Thiel received her B.S. in 1979 from Stanford University in Product Design Engineering, with an emphasis on human factors. She has an M.S. in Mechanical Engineering in 1983 from the Massachusetts Institute of Technology (MIT), with a focus on human-machine design at the Biomechanics Lab and computer graphics at the precursors to the MIT Media Lab. She then earned a Diploma (Master of Arts equivalent) in Applied Graphics in 1991 from the Academy of Fine Arts in Munich, Germany, specializing in video installation art.

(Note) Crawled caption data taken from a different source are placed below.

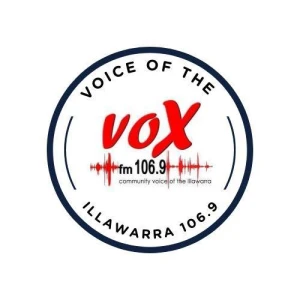 VOX FM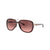 Oakley Split Time Sunglasses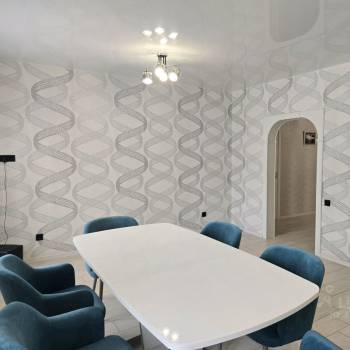 Продается Многокомнатная квартира, 150,3 м²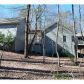 44 Crested Fern Lane, Jasper, GA 30143 ID:11870366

Her first artwork, the visual design for the Connection Machine CM-1/CM-2 artificial intelligence supercomputer (1986/1987, and in 1989 the fastest machine in the world) is in the collections of the Museum of Modern Art New York and the Smithsonian Institution. Her early media art, including video from 1991 and virtual reality from 2000, are in collections of the ZKM Karlsruhe, the San Jose Museum of Art, and the Rose Goldsen Archive of New Media Art at Cornell University.
Her work has been exhibited internationally in venues such as the Museum of Modern Art (MoMA) and the Whitney Museum of American Art in New York, the Istanbul Biennial, the International Center for Photography New York, the Design Museum in the Pinakothek der Moderne Munich, the Institute of Contemporary Art London and Boston, the ZKM in Karlsruhe, the Tokyo Metropolitan Museum of Photography, the Fondazione Querini Stampalia in Venice and the Centre Pompidou in Paris.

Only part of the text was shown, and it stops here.